═══ Dataset excerpts

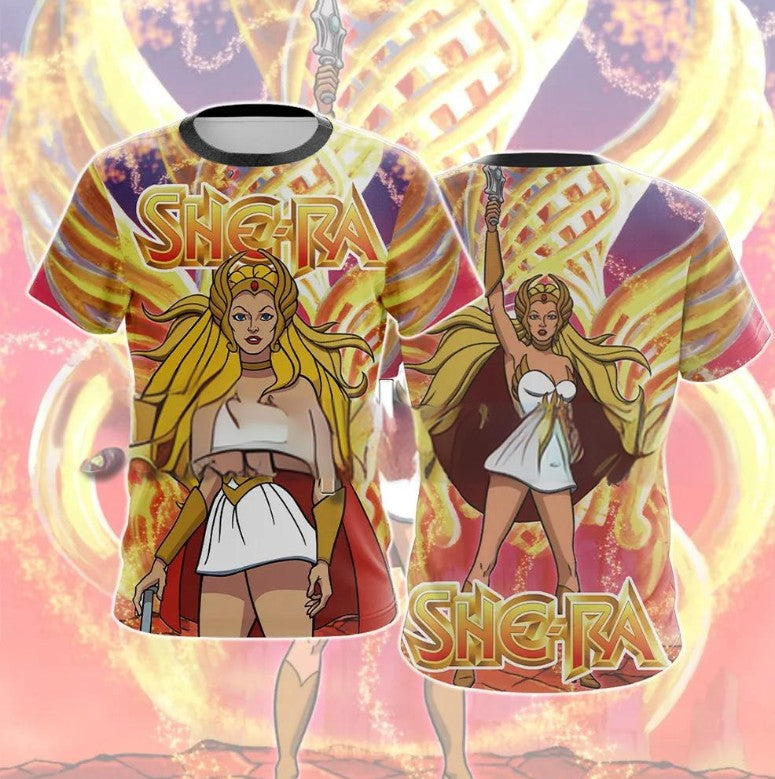 Anime Characters She-Ra And He-Man Cosplay T-shirt Male 3D Print Kids Cartoon Tee Men/Women Short Sleeve Tshirt Harajuku Y2k Top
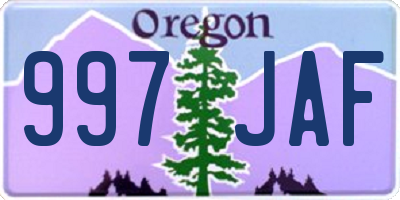 OR license plate 997JAF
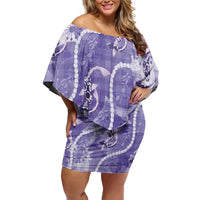 Japanese Koi Fish Family Matching Off Shoulder Short Dress and Hawaiian Shirt Purple Wagara Palaka Honohono Pikake Lei LT9 Mom's Dress Purple - Polynesian Pride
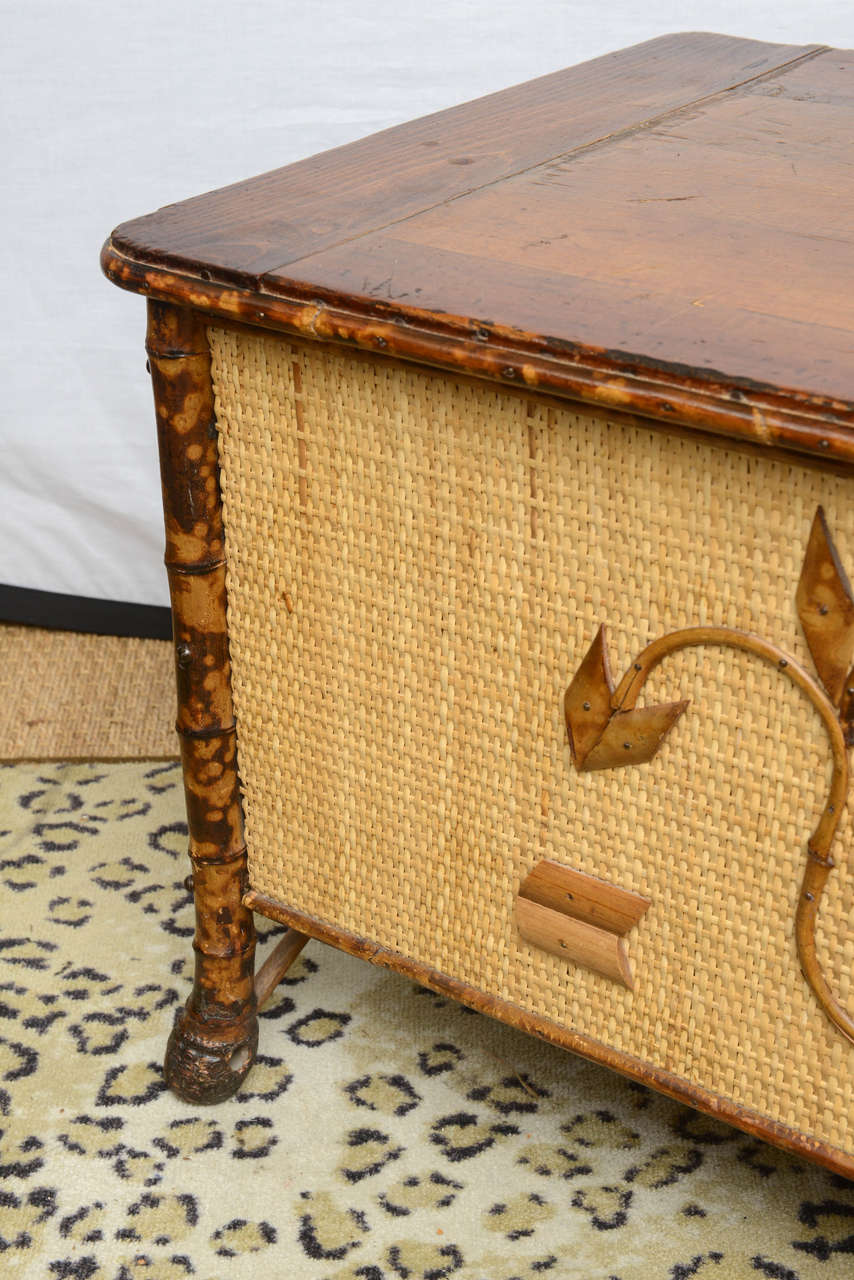 Vintage Bamboo and Wicker Chest 1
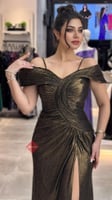 فستان سهرة طويل ناعم اوف شولدر لامع بتصميم مميز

══════

Task statement. Repeat the full set of records exactly, and output no pictures.

Answer for the task.
 Anime Characters She-Ra And He-Man Cosplay T-shirt Male 3D Print Kids Cartoon Tee Men/Women Short Sleeve Tshirt Harajuku Y2k Top
 OR license plate 997JAF
 Japanese Koi Fish Family Matching Off Shoulder Short Dress and Hawaiian Shirt Purple Wagara Palaka Honohono Pikake Lei LT9 Mom's Dress Purple - Polynesian Pride
 Vintage Bamboo and Wicker Chest 1
 فستان سهرة طويل ناعم اوف شولدر لامع بتصميم مميز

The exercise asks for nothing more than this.